Shown in the picture is the initial image. Let the white color be set as a color for cutting off. A scan of the image is performed pixel by pixel, line by line. The pixels enumeration stops when the pixel with the color that does not coincide with the color set for cutting off is found. The pixel’s coordinates are kept. First, scanning from left to right of the pass from up to down is performed. As a result, the left boundary of the image is obtained; after that, it goes from down to up scanning the pixels from left to right, as a result the right boundary is obtained.

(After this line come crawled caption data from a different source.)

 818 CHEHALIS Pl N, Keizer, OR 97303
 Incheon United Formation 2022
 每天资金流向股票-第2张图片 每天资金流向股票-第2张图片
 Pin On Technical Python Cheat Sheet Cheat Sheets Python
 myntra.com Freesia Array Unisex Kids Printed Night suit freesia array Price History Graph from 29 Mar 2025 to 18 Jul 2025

Given below is the code of the function performing these operations:

public void UpdateRegion()
{
    if( patternBitmap == null )
        return;

    ArrayList pts = new ArrayList();

    Color pixelColor;

    //Getting the rectangular region of the control
    Region region = new Region( this.ClientRectangle );

    //Scanning the patternBitmap bitmap from 
    //the zero string from left to right.
    //If we find a pixel that is not transparent 
    //and does not coincide with the 
    //transparent color, we add it 
    //to the list of the points of the future 
    //boundary that bounds the control.
    for( int i = 0; i< patternBitmap.Height; i++)
    {
        for( int j = 0; j< patternBitmap.Width; j++ )
        {        
            pixelColor = patternBitmap.GetPixel( j,i );

            if( pixelColor != transparentColor && pixelColor.A != 0 )
            {
                pts.Add( new Point(j,i) );
                break;
            }            
        }
    }

    //correcting the lower bound of the boundary 
    //for storing a pixel of the image.
    Point last = (Point)pts[pts.Count-1];
    Point dop = new Point( last.X, last.Y +1 );

    pts.Add(dop);
    bool addDopPoint = true;

    // Do the same from right to left beginning from the last (lower)
    // string of pixels for obtaining the right bound of the outline.
    for( int i = patternBitmap.Height -1; i>=0; i-- )
    {
        for( int j = patternBitmap.Width-1; j>=0; j-- )
        {
            pixelColor = patternBitmap.GetPixel( j,i );
            if( pixelColor != transparentColor && pixelColor.A != 0 )
            {
                if( addDopPoint == true )
                {
                    addDopPoint = false;
                    pts.Add( new Point(j+1,i+1) );
                }

                pts.Add( new Point(j,i) );
                break;
            }
        }
    }

    //closing the outline.
    pts.Add( new Point( ((Point)pts[0]).X, ((Point)pts[0]).Y ) )  ;
            
    //putting the resulting points to the array of points.
    Point[] pp = new Point[pts.Count];
    for( int i=0; i< pts.Count; i++ )
    pp[i] = (Point)pts[i];

    //creating the GraphicsPath object basing on the array of points.
    controlArea = new GraphicsPath();
    controlArea.AddLines( pp );

    //Search the intersection of the initial region of the control with 
    //the found closed outline and set the resulting region as the 
    //control's region.
    region.Intersect( controlArea );
    this.Region = region;

    this.Invalidate();
    this.Update();
}

Reading pixels is performed with the help of the GetPixel(int i, int j) function of the Color class. When all boundary pixels are found, the closed outline is built based on them, with the help of the GraphicsPath class. Then, the resulting control’s region is built, formed by the intersection of the interior of the region and the initial rectangular region of the control, with the help of the Intersect() function of the Region class. It is important to note that the control’s shape should imply that the line drawn along the line of pixels should intersect the boundary only in two places. That is why, for example, a button with cavities can’t be created with the help of this algorithm. The choice of the simplified algorithm may be explained by the functionality being enough for KB_Soft Group. Besides, the algorithm of line scan of the bitmap is the fastest. You may modify the UpdateRegion() function to extend the functionality of the controls described above.